Sin domesticar
Sus novelas pueden interpretarse como relatos generacionales y suelen tener un protagonista colectivo
El único consuelo que nos queda a los lectores, cuando un gran escritor desaparece, es su legado, la obra que nos deja. En el caso de Rafael Chirbes resulta impresionante, pues desde su primera novela, Mimoun (1988), que llegó a Anagrama de la mano de Carmen Martín Gaite, casi su único editor en todos estos años, donde él se sentía apreciado y cómodo, su literatura no ha parado de crecer en matices, sugerencias y complejidad, hasta las más recientes Crematorio (2007) y En la orilla (2013), reconocidas con sendos premios de la Crítica, y la última además con el Nacional de Narrativa, pero sobre todo por infinidad de lectores. Era una de esas recomendaciones que nunca fallaban, pues no recuerdo una sola persona a la que le hubiera recomendado sus libros que se sintiera defraudada. Pero su obra no ha sido apreciada únicamente en España, sino también en la exigente Alemania, donde no solo tuvo muy buena acogida sino también generosas ventas. Así, La larga marcha fue muy elogiada, en un célebre programa de la televisión alemana, por el exigente crítico Reich-Ranicki, y esa misma obra, junto a La buena letra, recibió el premio SWR/Die Bestenliste (La mejor lista).

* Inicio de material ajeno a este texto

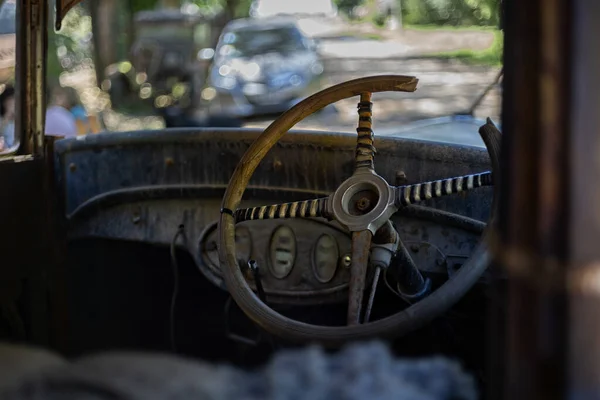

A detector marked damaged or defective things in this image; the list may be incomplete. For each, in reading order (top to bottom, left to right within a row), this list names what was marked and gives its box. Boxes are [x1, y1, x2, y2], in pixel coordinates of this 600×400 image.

cracked wooden steering wheel [218, 76, 500, 346]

Chirbes era un valenciano reeducado, al quedarse pronto huérfano, en la España profunda, en Ávila, León y Salamanca, como Rafael del Moral, el personaje de La larga marcha, tierras que él adoraba, lo que lo decantó hacia el castellano, ya que su lengua familiar era el valenciano. Estudió Historia, militó en la Universidad en grupos de izquierda, y luego, tras ejercer de profesor en Marruecos, trabajó como periodista en diversas empresas del grupo Z, y finalmente, antes de dejar el oficio, en la revista Sobremesa, que le permitió viajar por el mundo, para escribir sobre ciudades y gastronomía.

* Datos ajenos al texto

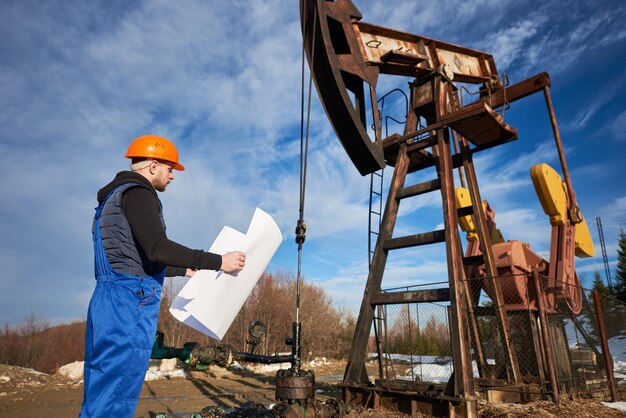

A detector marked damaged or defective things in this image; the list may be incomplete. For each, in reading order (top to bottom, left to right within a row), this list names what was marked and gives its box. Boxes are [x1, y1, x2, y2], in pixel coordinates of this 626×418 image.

Su aportación fundamental ha consistido en contar, primero, las consecuencias de la Victoria, la represión del régimen franquista; luego, la rebeldía, pero también cómo fueron acomodándose las nuevas generaciones, por desmemoria y codicia, tras la llegada de la democracia, y la estafa que para él supuso la Transición; y finalmente, la falsa modernización, la corrupción, económica y moral, la crisis —en suma— de estas últimas décadas. Se trataba, por tanto, de dejar constancia de setenta años de historia española, de lo público y lo privado, de la educación sentimental y la política, los negocios y la intimidad. Su empeño consistió, en suma, en narrar la otra versión de la historia oficial, aquella que se nos ocultaba, devolviéndoles la dignidad a los vencidos, pero también consiguió mostrar con lucidez, mediante un relato ambiguo y complejo, el fracaso no solo de la política sino de una buena parte de la sociedad española. Eran, en efecto, novelas duras, de difícil digestión, pero necesarias. Es probable que fueran las historias que los lectores más críticos necesitaban leer.

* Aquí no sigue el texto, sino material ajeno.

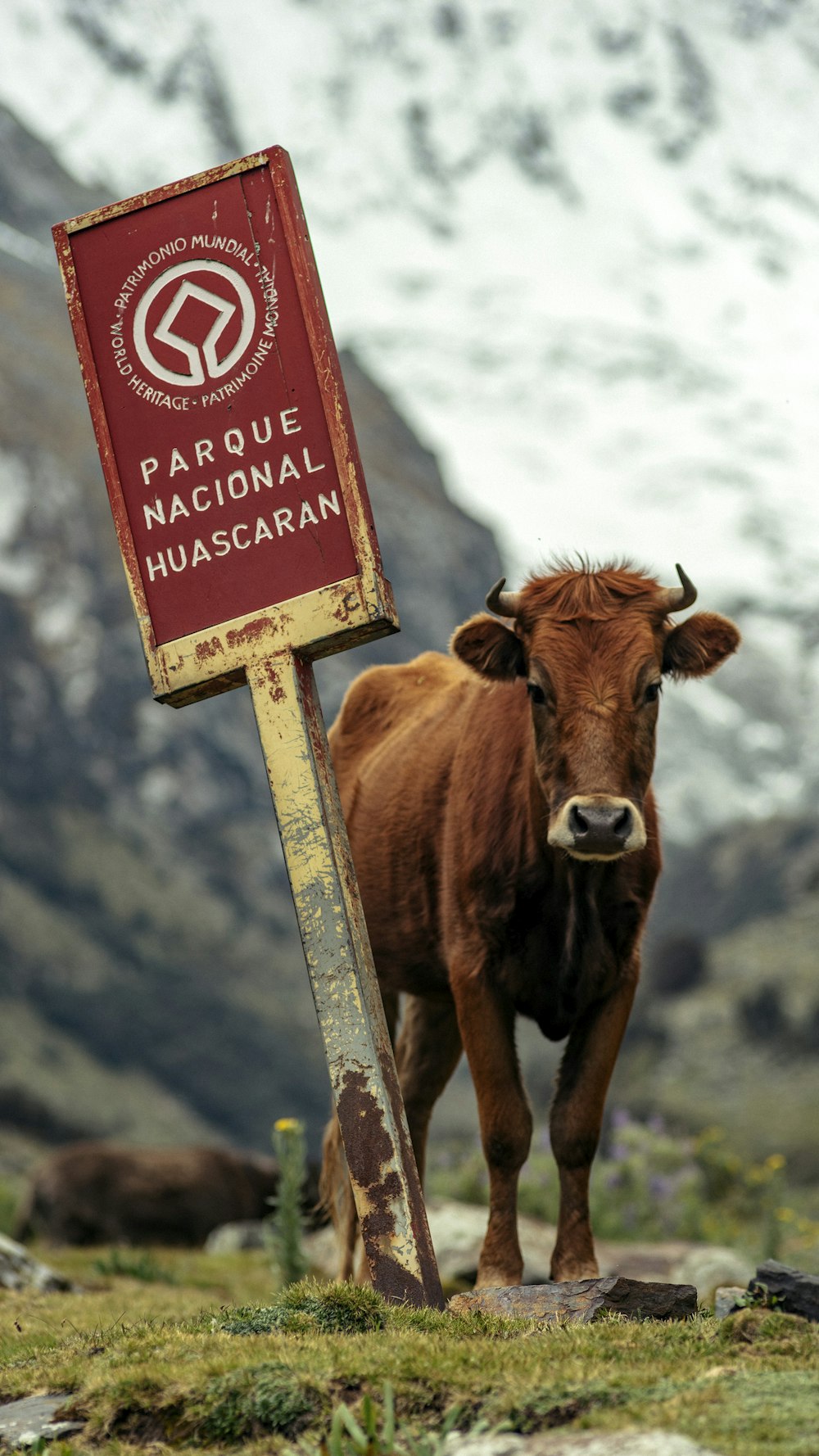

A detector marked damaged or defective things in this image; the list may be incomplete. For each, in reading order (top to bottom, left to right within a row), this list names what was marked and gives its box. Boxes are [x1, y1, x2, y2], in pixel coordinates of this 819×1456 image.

rusty paint on post [244, 649, 442, 1310]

Sus novelas pueden interpretarse como relatos generacionales y suelen tener un protagonista colectivo, pues a menudo están narradas desde una perspectiva múltiple, valiéndose de una polifonía de voces distintas que se complementan, lo que él llamaba una tercera persona compasiva. Como a él le gustaba recordar, citando a Balzac, la novela consiste en contar la vida privada de las naciones, un empeño que él ha cumplido. No en vano, él se sentía continuador de una tradición que tiene sus mejores eslabones nada menos de Galdós, Valle-Inclán, Baroja, Max Aub, Miguel Espinosa y Juan Eduardo Zúñiga. Creo que estaba satisfecho de sus dos últimas novelas, él que era tan inseguro y exigente, aunque siempre tuvo una especial querencia por La buena letra (1992). Nos deja un diario, del que dio un anticipo en el homenaje que le tributó recientemente la revista Turia, que ojalá podamos leerlo pronto. Chirbes ha muerto de un cáncer de pulmón que le diagnosticaron hace un mes. Quienes tuvimos la fortuna de tratarlo sabemos que Rafael Chirbes ha sido un hombre bueno, pudoroso, honesto y a veces un poco hosco, pero ¡el jodido se hacía querer!, con una gran cultura en todos los ámbitos del saber (fíjense en las cubiertas de sus libros), y uno de los novelistas más exigentes y respetados de las últimas décadas. Un hombre y un escritor al que nunca nadie logró domesticar.
Fernando Valls es profesor en la Universidad Autónoma de Barcelona y crítico literario.